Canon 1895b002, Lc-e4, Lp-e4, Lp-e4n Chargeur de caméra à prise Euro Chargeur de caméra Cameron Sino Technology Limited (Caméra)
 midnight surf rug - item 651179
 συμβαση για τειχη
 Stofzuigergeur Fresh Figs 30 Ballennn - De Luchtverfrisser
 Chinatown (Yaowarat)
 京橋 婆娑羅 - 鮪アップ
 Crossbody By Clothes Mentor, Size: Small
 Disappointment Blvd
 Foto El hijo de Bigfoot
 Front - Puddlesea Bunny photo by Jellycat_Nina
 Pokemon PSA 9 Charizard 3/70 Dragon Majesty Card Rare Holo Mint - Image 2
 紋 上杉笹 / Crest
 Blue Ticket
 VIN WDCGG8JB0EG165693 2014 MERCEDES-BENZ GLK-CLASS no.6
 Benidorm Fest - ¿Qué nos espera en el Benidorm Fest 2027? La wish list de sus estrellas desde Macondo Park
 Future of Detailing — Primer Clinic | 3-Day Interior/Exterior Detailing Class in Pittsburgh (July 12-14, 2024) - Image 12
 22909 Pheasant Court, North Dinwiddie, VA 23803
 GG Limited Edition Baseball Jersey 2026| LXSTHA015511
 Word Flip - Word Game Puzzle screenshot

• ACTION ITEM
Retype only this portion of the data above: the line containing "συμβαση για τειχη", the line containing "紋 上杉笹 / Crest", and all lines between them, exactly.

• OUTPUT
 συμβαση για τειχη
 Stofzuigergeur Fresh Figs 30 Ballennn - De Luchtverfrisser
 Chinatown (Yaowarat)
 京橋 婆娑羅 - 鮪アップ
 Crossbody By Clothes Mentor, Size: Small
 Disappointment Blvd
 Foto El hijo de Bigfoot
 Front - Puddlesea Bunny photo by Jellycat_Nina
 Pokemon PSA 9 Charizard 3/70 Dragon Majesty Card Rare Holo Mint - Image 2
 紋 上杉笹 / Crest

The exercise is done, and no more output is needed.